J'oublierai de mourir
Tu me tricotes la tendresse et tu brodes l'azur. Un point. Un autre point. Une ligne infinie. Une maille de caresses. Une autre de baisers. Ton fil est si pur. Tu me fais comme une double peau tenant lieu de tendresse, un tricot d'espérance, la petite laine du cœur. Je reprends souffle et chair. Je reprends pied. Je reprends voix. Je reprends vie pour traverser la mort comme un nouveau départ. Je reprends jusqu'à nous mes je éparpillés. Pose ton front sur mon cœur, ce qui arrive est nous. Dans la grande nuit du monde, tes yeux me font lumière.
Je t'appelle depuis le fond des choses avec les mains pleines de douceurs, les yeux éblouis, le cœur ébaroui. Nous nous ferons l'amour, la bonté, l'absolu. Tu m'entends, je le sais. Depuis toujours, depuis demain, depuis là-bas. Chaque fois que tu m'appelles, je frissonne. Mon cœur bat plus fort. Brisant sa petite cage de verre, toute mon eau coule vers toi. Je t'embrasse et je ris. Il n'y a plus rien d'autre. Il y a nous. Il y a tout. Je fonds en larmes, en jubilations, en remerciements. Je me refais en toi. Nos lèvres, l'une sur l'autre, nous réchauffent le ventre. Toute la pointe aigue de mon âme vibre vers toi.
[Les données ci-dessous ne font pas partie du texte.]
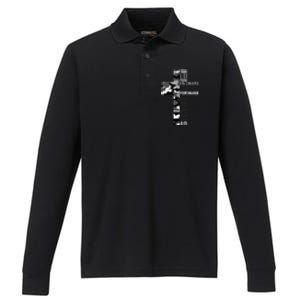 White Camo Christian Verse Spanish Filipenses 413 EspañOl Performance Long Sleeve Polo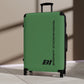 Braniff Ultra Space Jet Luggage Suitcase Braniff Alexander Girard Design End of the Plain Plane 1965 1967 Panagra Green
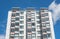 Modern Giant  Apartment Building Blue Sky Facade Home Residential Structure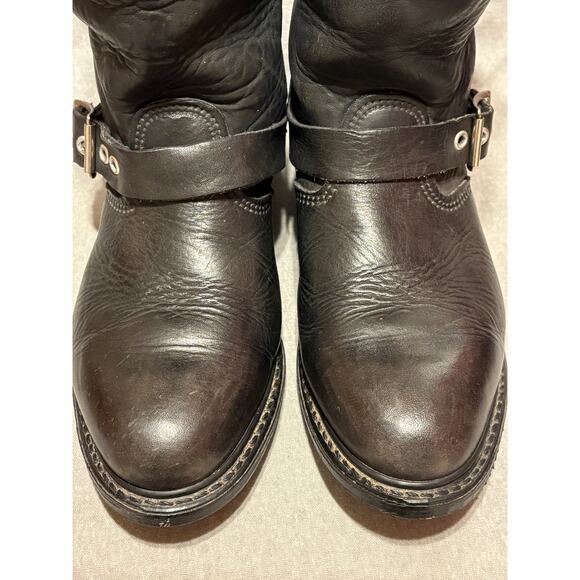 Rare VTG Harley-Davidson Size 9 Women’s Soft Black Leather Pull On Boots - Picture 10 of 14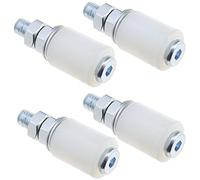 ECSiNG 4 Piezas de Rodillo de Nailon para Puerta Corredera Puerta Corrediza de Granero Guía de Suelo Accesorios de Puerta para Puertas Correderas Puertas Eléctricas Garaje 40x60 Mm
Nous étions faits pour nous rencontrer. De plus loin que nous, de plus loin que le phylum des ancêtres, de plus loin que tout.
Après l'hiver, quand tout le reste fond, nos baisers subsistent. Ils courent dans la sève et font grimper les fleurs. Je ne sais rien encore de la vie, de la mort. Je sais ta peau contre la mienne et cela me suffit. Je n'ai plus besoin de réponses ni même de questions. La mer qui m'appelle, ce sont tes bras avec leurs doigts de pluie. La terre qui me porte, c'est ta vie. La route, c'est nous-deux. Je me laisse porter par tes mains sur mes épaules, tes lèvres sur ma peau, tes mots dans mes oreilles. Tes voyelles de jour s'emmêlent à mes consonnes de nuit. J'enfile tes mains comme des gants de bonheur. Je te prête les miennes. Fais-en ce que tu veux mais surtout des caresses. Je te donne tout de moi, de la parole aux gestes. À t'aimer comme je t'aime, j'oublierai de mourir.